**Data to process**
----

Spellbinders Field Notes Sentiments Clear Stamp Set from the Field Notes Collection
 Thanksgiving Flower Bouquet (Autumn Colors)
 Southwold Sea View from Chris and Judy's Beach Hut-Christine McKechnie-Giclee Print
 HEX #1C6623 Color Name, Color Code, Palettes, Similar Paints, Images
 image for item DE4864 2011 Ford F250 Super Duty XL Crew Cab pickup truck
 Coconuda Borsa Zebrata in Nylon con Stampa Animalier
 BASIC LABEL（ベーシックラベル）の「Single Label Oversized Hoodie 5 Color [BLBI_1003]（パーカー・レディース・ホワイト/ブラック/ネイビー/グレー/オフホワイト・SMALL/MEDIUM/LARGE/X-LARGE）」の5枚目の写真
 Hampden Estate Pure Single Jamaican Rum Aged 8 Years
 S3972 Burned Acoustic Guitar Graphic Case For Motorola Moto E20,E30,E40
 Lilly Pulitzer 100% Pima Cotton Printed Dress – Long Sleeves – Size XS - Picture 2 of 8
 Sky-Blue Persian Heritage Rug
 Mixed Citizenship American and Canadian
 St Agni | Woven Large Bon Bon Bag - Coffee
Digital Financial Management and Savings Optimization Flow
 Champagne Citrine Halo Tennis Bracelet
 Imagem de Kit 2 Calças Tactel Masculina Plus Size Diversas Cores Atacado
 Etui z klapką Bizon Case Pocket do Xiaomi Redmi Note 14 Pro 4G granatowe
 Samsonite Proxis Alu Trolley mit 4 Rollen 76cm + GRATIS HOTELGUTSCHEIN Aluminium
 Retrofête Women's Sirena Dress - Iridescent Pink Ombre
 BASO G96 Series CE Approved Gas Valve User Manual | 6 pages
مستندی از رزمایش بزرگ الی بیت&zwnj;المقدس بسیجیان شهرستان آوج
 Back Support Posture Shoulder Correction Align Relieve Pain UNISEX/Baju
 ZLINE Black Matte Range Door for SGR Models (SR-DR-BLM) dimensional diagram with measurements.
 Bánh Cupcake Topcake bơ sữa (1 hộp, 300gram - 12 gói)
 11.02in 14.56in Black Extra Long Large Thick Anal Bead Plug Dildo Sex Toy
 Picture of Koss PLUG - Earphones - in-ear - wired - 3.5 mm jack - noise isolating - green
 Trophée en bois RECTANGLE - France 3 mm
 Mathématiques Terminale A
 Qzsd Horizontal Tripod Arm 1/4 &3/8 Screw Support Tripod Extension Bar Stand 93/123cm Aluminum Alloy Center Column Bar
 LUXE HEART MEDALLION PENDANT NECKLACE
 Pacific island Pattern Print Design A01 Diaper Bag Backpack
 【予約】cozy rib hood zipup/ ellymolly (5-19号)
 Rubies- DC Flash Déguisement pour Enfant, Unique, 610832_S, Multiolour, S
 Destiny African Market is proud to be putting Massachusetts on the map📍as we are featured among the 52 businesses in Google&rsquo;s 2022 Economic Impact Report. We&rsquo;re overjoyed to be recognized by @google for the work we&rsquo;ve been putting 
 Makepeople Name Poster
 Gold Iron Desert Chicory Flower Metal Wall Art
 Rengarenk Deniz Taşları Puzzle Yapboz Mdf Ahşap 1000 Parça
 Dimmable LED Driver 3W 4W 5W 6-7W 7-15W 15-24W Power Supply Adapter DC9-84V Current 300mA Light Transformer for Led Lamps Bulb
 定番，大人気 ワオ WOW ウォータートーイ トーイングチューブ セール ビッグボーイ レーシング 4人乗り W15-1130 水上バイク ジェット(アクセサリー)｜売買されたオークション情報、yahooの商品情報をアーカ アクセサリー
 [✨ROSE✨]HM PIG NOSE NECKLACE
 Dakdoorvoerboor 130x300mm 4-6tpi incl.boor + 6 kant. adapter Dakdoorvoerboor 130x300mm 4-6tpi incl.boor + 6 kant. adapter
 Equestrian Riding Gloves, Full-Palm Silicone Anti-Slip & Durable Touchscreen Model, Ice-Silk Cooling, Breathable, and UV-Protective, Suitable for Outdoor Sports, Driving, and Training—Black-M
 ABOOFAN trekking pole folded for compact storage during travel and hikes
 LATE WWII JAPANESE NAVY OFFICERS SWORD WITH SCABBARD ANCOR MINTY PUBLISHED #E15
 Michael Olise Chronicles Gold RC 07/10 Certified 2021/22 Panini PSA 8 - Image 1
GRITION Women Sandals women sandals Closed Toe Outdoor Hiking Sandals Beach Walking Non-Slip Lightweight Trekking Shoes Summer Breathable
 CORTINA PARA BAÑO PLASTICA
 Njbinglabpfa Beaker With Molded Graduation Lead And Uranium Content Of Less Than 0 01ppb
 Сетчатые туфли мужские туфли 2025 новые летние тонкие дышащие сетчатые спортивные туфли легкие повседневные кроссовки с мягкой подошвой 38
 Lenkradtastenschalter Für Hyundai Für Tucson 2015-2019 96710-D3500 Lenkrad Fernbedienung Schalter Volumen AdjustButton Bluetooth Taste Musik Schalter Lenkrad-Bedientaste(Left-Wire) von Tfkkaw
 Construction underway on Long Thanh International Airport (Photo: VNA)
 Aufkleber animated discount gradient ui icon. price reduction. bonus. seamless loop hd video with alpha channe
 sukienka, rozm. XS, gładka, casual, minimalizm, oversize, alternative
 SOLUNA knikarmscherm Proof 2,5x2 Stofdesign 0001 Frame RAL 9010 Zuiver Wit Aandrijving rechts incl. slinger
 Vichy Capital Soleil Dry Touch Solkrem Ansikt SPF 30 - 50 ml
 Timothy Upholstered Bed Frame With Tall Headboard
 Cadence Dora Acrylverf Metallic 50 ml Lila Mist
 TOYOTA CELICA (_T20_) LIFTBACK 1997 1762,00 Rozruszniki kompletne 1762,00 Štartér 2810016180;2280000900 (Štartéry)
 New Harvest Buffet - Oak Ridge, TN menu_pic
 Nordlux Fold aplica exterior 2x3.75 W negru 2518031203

----

**What to produce**
With "Outdoor" as the string to match, show every line of the entries above that has it.

**Task solution**
 Equestrian Riding Gloves, Full-Palm Silicone Anti-Slip & Durable Touchscreen Model, Ice-Silk Cooling, Breathable, and UV-Protective, Suitable for Outdoor Sports, Driving, and Training—Black-M
GRITION Women Sandals women sandals Closed Toe Outdoor Hiking Sandals Beach Walking Non-Slip Lightweight Trekking Shoes Summer Breathable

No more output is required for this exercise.